By: Greg Hewitt
The summer Olympics are doing more than bringing the world together to watch top athletes compete for gold, silver or bronze — the extensive coverage also showcases Brazil, its culture and its people. This likely has a lot of leaders of small and medium businesses here in South Florida wondering about the viability of upping trade with and investment in South America’s largest economy. True, Brazil is currently experiencing some tough economic challenges, but I believe that U.S. companies that carefully plan and execute international business with Brazil can ultimately come out ahead.
The sheer size of the Brazilian marketplace continues to produce powerful business opportunities for many international companies. Brazil’s large and dynamic economy places it squarely on the world stage; businesses around the globe will continue to look to its 201 million residents for robust business growth.
Agricultural equipment and services, aircraft and parts, and medical equipment are just some of the top exports for U.S. businesses. Brazil remains the world’s eighth-largest economy and the biggest economy in Latin America. In 2015, in fact, Brazil ranked 11th on the list of largest-goods export markets for the United States.

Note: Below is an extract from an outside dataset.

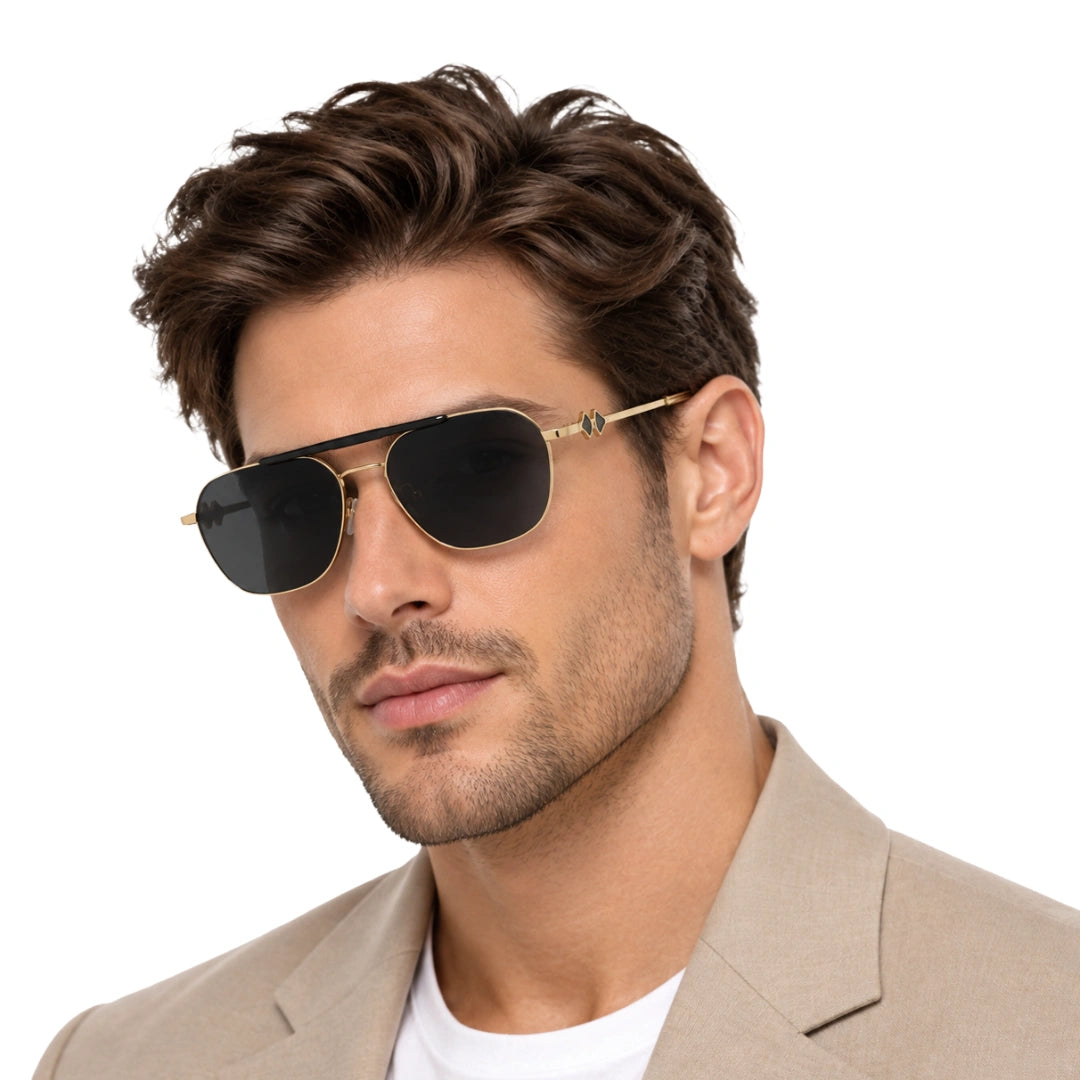 Zoe Miller LUX7623 | Premium Geometric Prescription Eyeglasses with Sun Clip-zoom-10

Make inroads and monitor tariffs
So how can South Florida businesses get a piece of the $27 billion worth of goods Brazil imports from the United States (according to World Bank 2015 estimates)? In addition to shipping goods directly from the U.S., I recommend finding a strategic partner in Brazil and/or setting up a physical presence inside the country. These strategies can boost success for U.S. businesses because Brazil’s business culture relies heavily on development of strong personal relationships.
Also, be aware of how trade tariffs work with Brazil. U.S. companies generally pay the taxes and fees during the Customs clearance process. Keep an eye on the import duty, the Industrialized Product Tax, and the Merchandise and Service Circulation Tax, which generally comprise the majority of import costs. The Agreement on Trade and Economic Cooperation outlines the specifics of direct trade and investment between the two countries. The agreement is also designed to drive future business: It encourages the United States and Brazil to cooperate on innovation, trade facilitation and other key issues.

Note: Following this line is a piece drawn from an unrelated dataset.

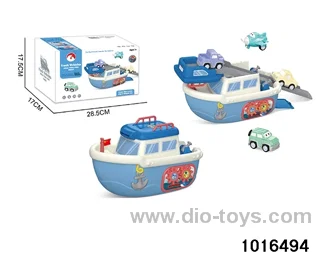 Music track ship in color box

See a challenge as an opportunity
The current cooling of Brazil’s domestic market can spur new opportunities for strong international trade relations. Even in trying economic times — and sometimes, especially during them — exporters to Brazil can do well.
Like many other international business leaders, I am hopeful Brazil will address its issues and soon reestablish itself as one of the most successful world economies. Even after the athletes return home and the Olympic-size fanfare focused on Brazil dies down, the country will not disappear from the world’s trading stage. U.S. businesses that take a measured and informed approach to trade with Brazil now can take advantage of greater openness toward exports and could potentially benefit greatly in the long term. The Olympic podiums aren’t the only place in Brazil where you can find gold.
Greg Hewitt is CEO of DHL Express U.S., a firm headquartered in Plantation that offers express delivery services and international shipping in more than 220 countries and territories.